= Ernest Dunbar =

Ernest Dunbar (1927–2011) was a pioneering African-American journalist and book author, who was the first African-American reporter hired at a mainstream national magazine and was elected posthumously to the Hall of Fame of the National Association of Black Journalists (NABJ).

== Early life and education ==
Dunbar was born in Philadelphia, Pennsylvania. He earned a B.A. in journalism from Temple University in 1954, where he was editor of the university newspaper. He did graduate work in journalism at Northwestern University. Temple University awarded him honorary doctorate in journalism in 1971.

== Career ==
After graduation from Temple University, Dunbar joined at the pictorial Look Magazine as a reporter in 1954 and from 1959 until Look ceased publication in 1971 served as a senior editor. As the first Black reporter at this mainstream magazine, he is in the company of other pioneering Black journalists such as Gordon Parks and Richard Saunders. While at Look, he worked on major articles on figures such as Martin Luther King Jr., Congressman Adam Clayton Powell, and Malcom X and developed substantive expertise covering Africa. According to one article, "Look touched the volatile issue of race in America more consistently than any other popular magazine of its time. This coverage begins in the 1940s and includes articles such Ernest Dunbar's in-depth profile of NAACP organizer Ruby Hurley, who was an important official in Mississippi in the 1950."

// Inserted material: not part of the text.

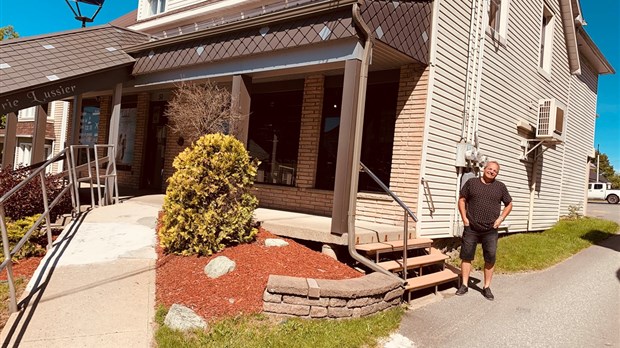 Tentative de vol à la Bijouterie Lussier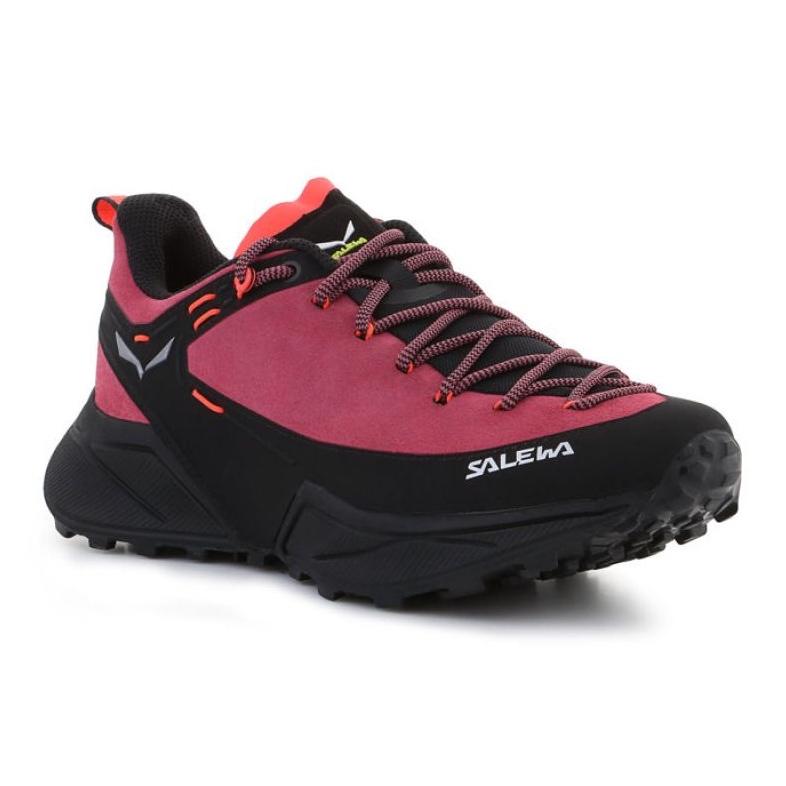 Salewa Ws Dropline Lederschuhe 61394-6572 rot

In 1960, based on this knowledge in African affairs, Dunbar accompanied Governor W. Averall Harriman to the Congo on a mission on behalf of Senator John F. Kennedy to inform Kennedy's foreign policy. Kennedy even cited Dunbar's reporting in his well-known 1959 speech "The United States and Africa: A New Policy for a New Era, "As Ernest Dunbar noted recently in LOOK Magazine, 'A trip through Africa is like a quick tour through the history of mankind.'"

Dunbar authored two books related to Africa, The Black Expatriates (1968), a study of Black Americans living in Africa, and Nigeria (1974). As a freelance writer from 1971-4, he also contributed to publications like The New York Times.

Dunbar was elected to the Black Academy of Arts and Letters in 1970. He also won several awards, such as the Overseas Press Club Award for his story on the difficulties African students encountered in the Soviet Union, in 1965 and Citation: Best Magazine Reporting from Abroad for his Look Magazine article, "India." He was presented with the Achievement Award by the Capitol Press Club of Washington DC in 1965.

He served as Chief Editor of Publications for the Exxon Corporation from 1975 until 1990, when he retired.

Dunbar was also associate editor of "The World at 10," a nightly news program on the New York educational channel WNDT that went on the air in 1962.

In 2014, he was posthumously selected for the NABJ's Hall of Fame.

== Personal life ==
Dunbar was married to Dorothy, also a native of Philadelphia and a journalism graduate of Temple University, and had several children. He died in Manhattan.